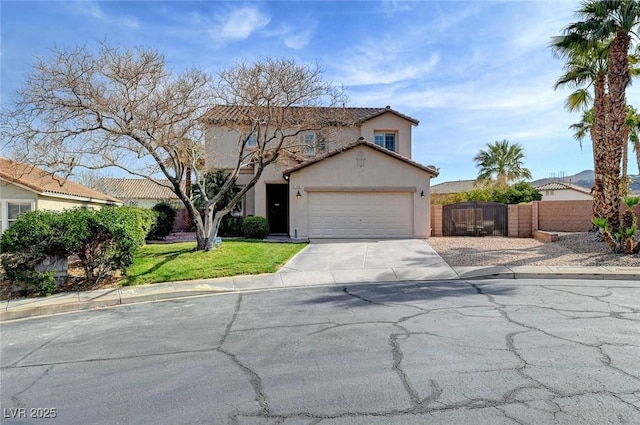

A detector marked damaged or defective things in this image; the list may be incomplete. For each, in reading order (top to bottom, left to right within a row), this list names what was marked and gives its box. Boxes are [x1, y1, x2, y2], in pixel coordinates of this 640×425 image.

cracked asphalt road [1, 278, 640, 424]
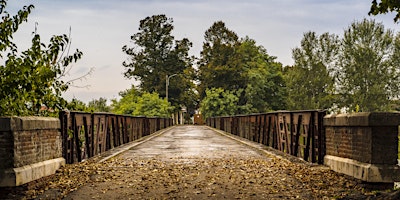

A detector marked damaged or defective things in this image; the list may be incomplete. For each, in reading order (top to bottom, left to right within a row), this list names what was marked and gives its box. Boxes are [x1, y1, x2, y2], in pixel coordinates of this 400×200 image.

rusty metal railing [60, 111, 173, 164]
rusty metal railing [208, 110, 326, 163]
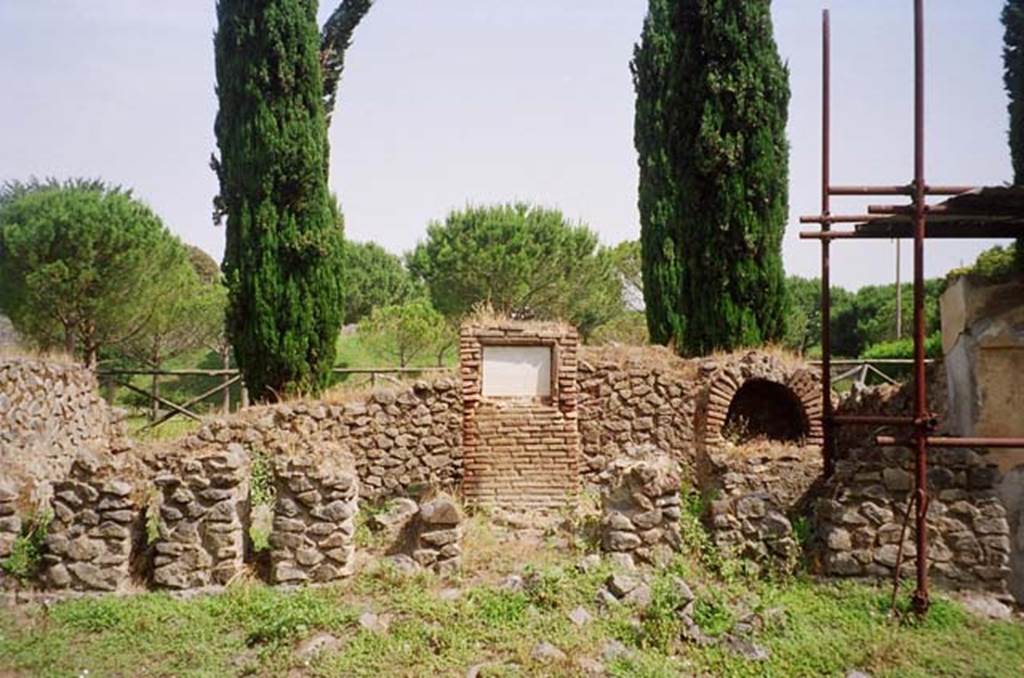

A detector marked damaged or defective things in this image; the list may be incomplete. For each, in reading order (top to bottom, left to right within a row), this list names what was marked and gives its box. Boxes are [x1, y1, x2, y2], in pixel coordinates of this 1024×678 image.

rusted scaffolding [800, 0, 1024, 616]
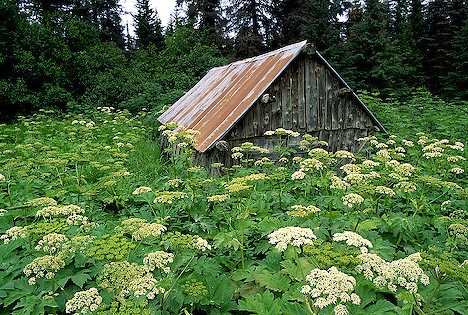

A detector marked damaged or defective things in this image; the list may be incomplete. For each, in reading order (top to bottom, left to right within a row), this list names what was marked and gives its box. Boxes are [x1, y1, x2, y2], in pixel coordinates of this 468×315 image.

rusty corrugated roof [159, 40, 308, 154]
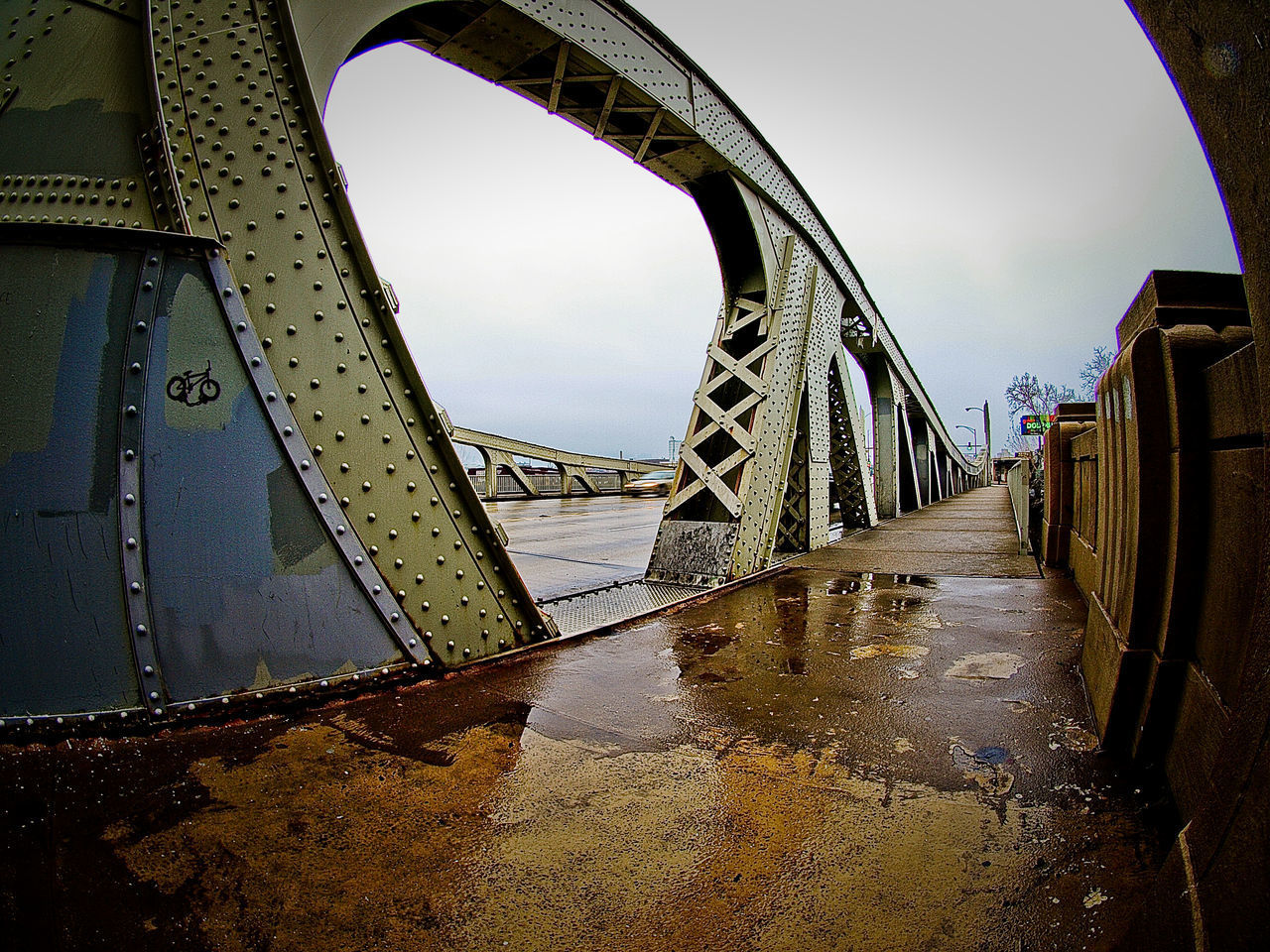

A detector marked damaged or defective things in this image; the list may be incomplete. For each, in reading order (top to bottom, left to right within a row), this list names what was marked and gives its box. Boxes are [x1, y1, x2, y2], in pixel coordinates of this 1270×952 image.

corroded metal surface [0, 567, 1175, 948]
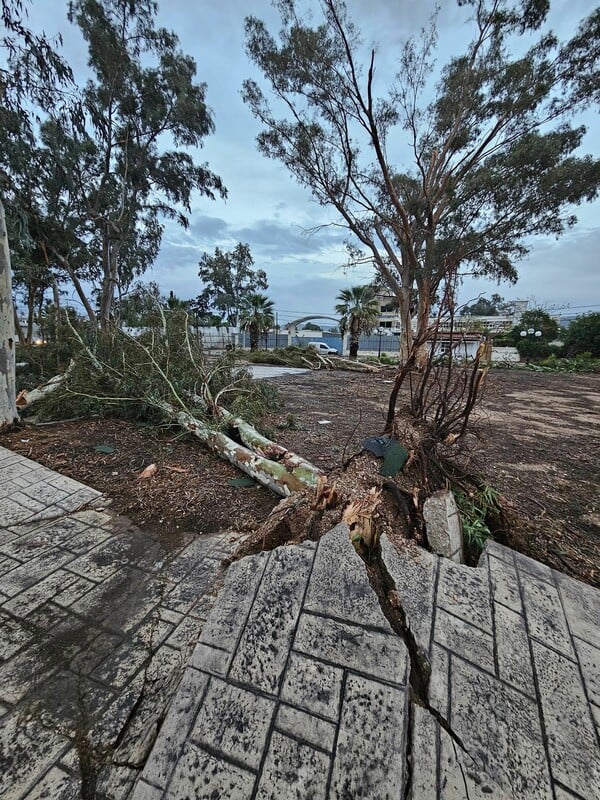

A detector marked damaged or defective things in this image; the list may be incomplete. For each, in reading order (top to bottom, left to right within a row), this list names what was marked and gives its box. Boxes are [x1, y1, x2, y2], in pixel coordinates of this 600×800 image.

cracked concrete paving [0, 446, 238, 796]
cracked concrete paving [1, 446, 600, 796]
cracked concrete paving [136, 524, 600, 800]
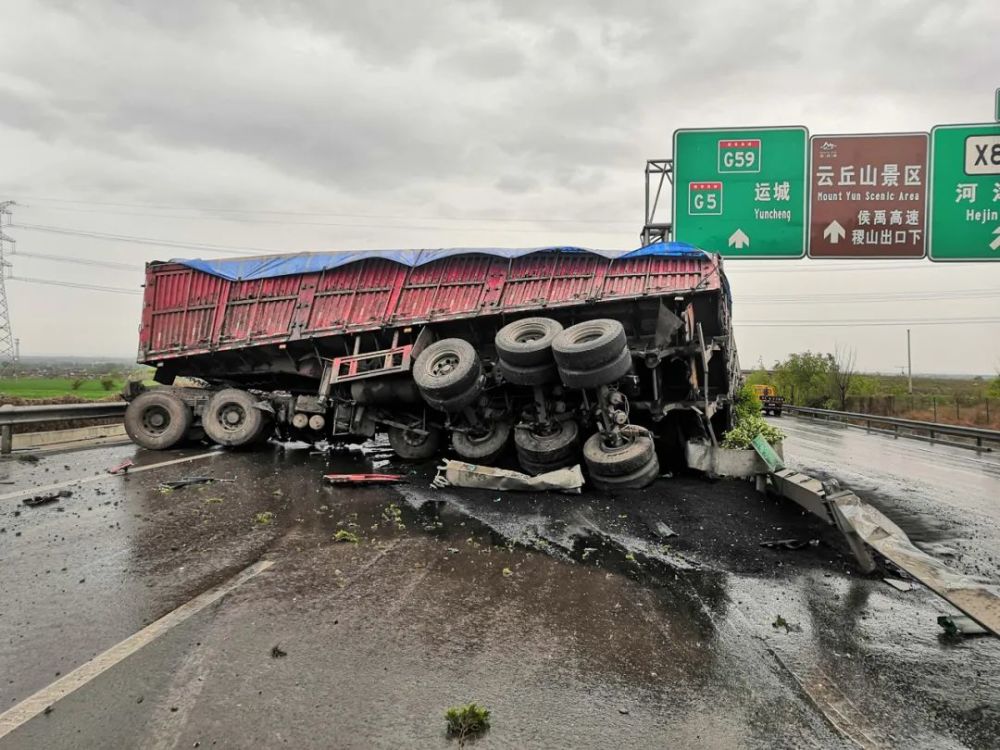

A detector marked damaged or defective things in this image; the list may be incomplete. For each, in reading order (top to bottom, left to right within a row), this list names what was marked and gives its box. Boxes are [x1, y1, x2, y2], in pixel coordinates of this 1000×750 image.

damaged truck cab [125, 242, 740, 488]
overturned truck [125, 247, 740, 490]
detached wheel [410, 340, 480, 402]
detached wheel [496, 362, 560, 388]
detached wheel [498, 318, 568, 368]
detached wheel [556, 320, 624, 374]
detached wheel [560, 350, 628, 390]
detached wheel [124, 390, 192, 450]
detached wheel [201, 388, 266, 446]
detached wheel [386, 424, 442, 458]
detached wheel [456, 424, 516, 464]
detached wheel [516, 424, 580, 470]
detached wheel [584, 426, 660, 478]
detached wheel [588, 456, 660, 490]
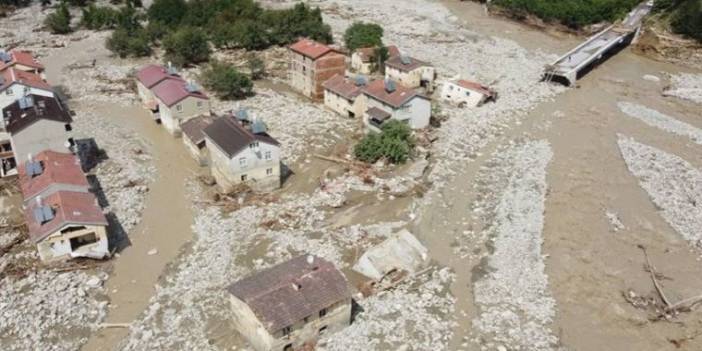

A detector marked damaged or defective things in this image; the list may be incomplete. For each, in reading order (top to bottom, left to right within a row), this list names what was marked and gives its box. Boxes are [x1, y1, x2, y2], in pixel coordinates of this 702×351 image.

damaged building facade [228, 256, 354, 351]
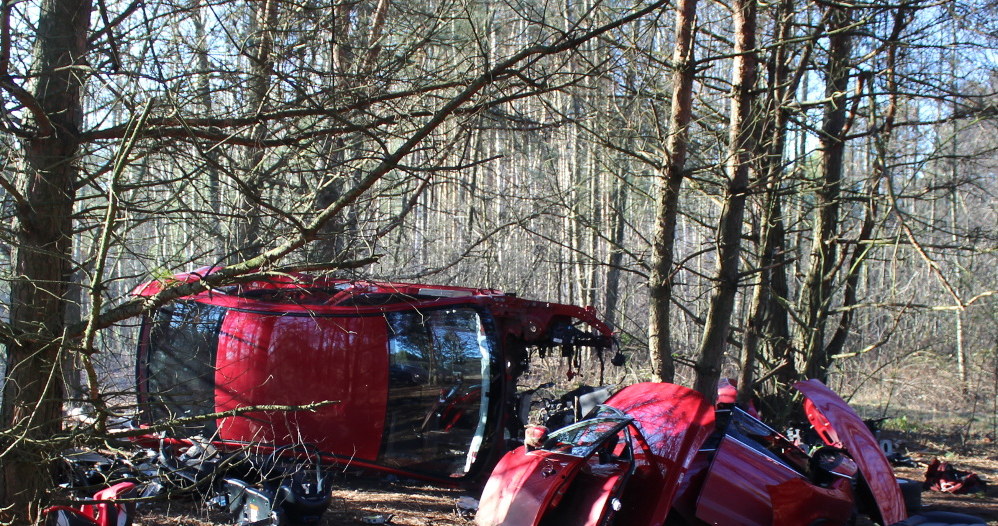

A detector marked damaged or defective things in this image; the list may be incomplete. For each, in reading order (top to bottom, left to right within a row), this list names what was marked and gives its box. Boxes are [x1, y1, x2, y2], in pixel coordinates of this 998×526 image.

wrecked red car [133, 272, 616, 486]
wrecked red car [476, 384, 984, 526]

Your goal: The result should be the material above, unchanged and free of pictures; please print it.

Solution to this task:
A detector marked damaged or defective things in this image; the list may be incomplete. For each, in reading order (top to bottom, left to right within a row), this list names what was marked and gives its box. Boxes are [x1, y1, x2, y2], in pixel coordinates of this 640×425 image.

cracked asphalt road [1, 278, 640, 424]

A detector marked damaged or defective things in this image; the list may be incomplete. For each, in reading order (top to bottom, left to right within a row), this list names what was marked and gives its box. Boxes are [x1, y1, x2, y2], in pixel coordinates of this 400×200 image.

rusty metal railing [60, 111, 173, 164]
rusty metal railing [208, 110, 326, 163]

A detector marked damaged or defective things in this image; the list may be incomplete. For each, in reading order (top to bottom, left to right within a row), this list names what was marked and gives its box. Boxes are [x1, y1, x2, y2], in pixel coordinates of this 1024×678 image.

rusted scaffolding [800, 0, 1024, 616]

A detector marked damaged or defective things in this image; the list may be incomplete. For each, in reading order (top to bottom, left to right within a row), this list names what was marked and gives its box. Boxes are [x1, y1, x2, y2], in pixel coordinates of this 468×315 image.

rusty corrugated roof [159, 40, 308, 154]

A detector marked damaged or defective things in this image; the list may be incomplete. For each, in reading order (top to bottom, left to right within a row), this list names what was marked and gives its box. Boxes are [x1, y1, x2, y2], in pixel coordinates of this 1270×952 image.

corroded metal surface [0, 567, 1175, 948]

A detector marked damaged or defective things in this image; the list may be incomplete. For each, in reading order (top to bottom, left to right within a row), this list names what was marked and gives its box. Boxes are [x1, y1, x2, y2], in pixel coordinates of this 600×800 image.

cracked concrete paving [0, 446, 238, 796]
cracked concrete paving [1, 446, 600, 796]
cracked concrete paving [136, 524, 600, 800]

A detector marked damaged or defective things in this image; the list may be incomplete. For each, in reading order (top to bottom, left to right within a row), this list names what was marked and gives its box. Boxes are [x1, y1, x2, y2], in pixel coordinates of this 1000×750 image.

damaged truck cab [125, 242, 740, 488]
overturned truck [125, 247, 740, 490]
detached wheel [410, 340, 480, 402]
detached wheel [496, 362, 560, 388]
detached wheel [498, 318, 568, 368]
detached wheel [556, 320, 624, 374]
detached wheel [560, 350, 628, 390]
detached wheel [124, 390, 192, 450]
detached wheel [201, 388, 266, 446]
detached wheel [386, 424, 442, 458]
detached wheel [456, 424, 516, 464]
detached wheel [516, 424, 580, 470]
detached wheel [584, 426, 660, 478]
detached wheel [588, 456, 660, 490]

A detector marked damaged or defective things in this image; the list may be incomplete. For each, in reading order (top to bottom, left to right within a row), this list names what was marked and gives its box. Boxes are [x1, y1, x2, y2], in pixel coordinates of this 702×351 image.

damaged building facade [228, 256, 354, 351]

A detector marked damaged or defective things in this image; the list may be incomplete. For each, in reading order (top to bottom, left to right within a row), this list names what was marked and gives its box. Boxes are [x1, y1, x2, y2], in pixel coordinates of this 998×526 image.

wrecked red car [133, 272, 616, 486]
wrecked red car [476, 384, 984, 526]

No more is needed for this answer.